Democrats Look To 2010 And Beyond

July 14, 2009|By Thomas F. Schaller

Before 2006, there was a logjam of ambitious Democrats at the top of the Maryland political hierarchy. That year, some of the pressure was released thanks to four developments.

First, the retirement of the state's longest-serving U.S. senator, Paul Sarbanes, allowed Rep. Ben Cardin to bid for and win the seat held by Mr. Sarbanes, whose son John took Mr. Cardin's seat.

Then-Baltimore Mayor Martin O'Malley's victory over incumbent Republican Gov. Robert L. Ehrlich Jr., offered a second release valve. The Democratic gubernatorial primary drew Montgomery County Executive Doug Duncan into the fray, creating a path for council member Isiah Leggett to run and win the county executive spot. (Four years earlier, Mr. Ehrlich's victory freed the state's second congressional seat, into which then-Baltimore County Executive Dutch Ruppersberger promptly slid.)

FOR THE RECORD - A column Thursday by Thomas F. Schaller included incorrect dates for upcoming gubernatorial elections in Maryland. Those elections will be held in 2010 and 2014.
The Baltimore Sun regrets the error.

A third development was state Del. Peter Franchot's bold primary challenge of then-Comptroller and former Democratic governor William Donald Schaefer. Though Mr. Franchot couldn't know upon announcing that Mr. Schaefer would later damage himself by publicly harassing a young, female state employee, Mr. Franchot eked out a victory in the three-way primary and won the general election, thus satisfying his ambitions for higher office - at least for a while.

Finally, Democratic attorney general Joe Curran retired, opening the only other statewide elected office to competition. Another smart, young and aggressive Democratic pol, Montgomery County State's Attorney Doug Gansler, leapt at that opportunity and won.

And so, for a brief moment at least, everybody in elite Democratic circles breathed a bit easier.

Last week came word that Baltimore County Executive Jim Smith will not seek to challenge Mr. Franchot in next year's Democratic primary. The news eased slightly the not-so-secret tensions between the governor - a close ally of Mr. Smith - and the comptroller.

Still, the Smith-Franchot episode is a reminder that pressure is again building at the top levels inside the state Democratic Party. Barring some cataclysm, Mr. O'Malley will be the party's gubernatorial nominee in 2012, of course. But there are rumblings already about who will be best positioned to be the 2016 nominee.
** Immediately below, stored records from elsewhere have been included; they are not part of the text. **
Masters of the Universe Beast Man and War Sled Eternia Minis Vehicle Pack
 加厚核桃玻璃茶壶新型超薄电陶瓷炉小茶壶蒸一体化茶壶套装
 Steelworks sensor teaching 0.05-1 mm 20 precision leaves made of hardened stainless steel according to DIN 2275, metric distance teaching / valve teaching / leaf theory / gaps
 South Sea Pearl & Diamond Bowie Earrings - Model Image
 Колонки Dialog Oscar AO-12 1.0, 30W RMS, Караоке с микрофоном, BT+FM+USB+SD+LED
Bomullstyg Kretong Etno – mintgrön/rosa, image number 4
Along with Messrs. Smith, Franchot and Gansler, that not-so-small list includes Lt. Gov. Anthony Brown and Howard County Executive Ken Ulman. Perhaps former congressman and NAACP president Kweisi Mfume will try to build upon his solid 2006 Senate primary effort.

And these are the just the tensions on the executive side of the ledger. The field of pols who may be privately harboring legislative dreams of ascending to the U.S. senate seat currently occupied by Barbara Mikulski is also rather crowded.

But potential aspirants such as House members Chris Van Hollen, Elijah Cummings, Mr. Ruppersberger and maybe even freshman Donna Edwards will apparently have to wait. Mrs. Mikulski, despite the lack of a formal announcement so far, has made it clear she is running for a fifth term. She is the most popular politician in the state and has amassed a campaign war chest of more than $1 million.

And rather than attempt the politically futile task of challenging Mrs. Mikulski, ambitious Democrats would be wise to wait for her to run once more, even if she decides not to complete her term, giving Governor O'Malley - presuming the economy doesn't pull him under - the power to pick her replacement.

Why? Because 2010 could provide a mild Republican tailwind nationally, and Mr. Ehrlich - who probably, and rightly, sees himself as more of legislator than executive - would present a formidable challenge to whomever the Democrats might nominate.

In any case, assuming Ms. Mikulski goes through with her plans to take one more lap, 2010 is likely to be a hold-steady cycle for Democrats. There just isn't much room to maneuver, and primary fights against incumbents usually don't turn out as well as they did for Mr. Franchot in the 2006 comptroller's race. There will still be ample jockeying to gain later advantage, of course - just not much movement in the actual offices held.

The real cycle to watch is 2014. But even for political junkies like me, that's too far off to start speculating much for now.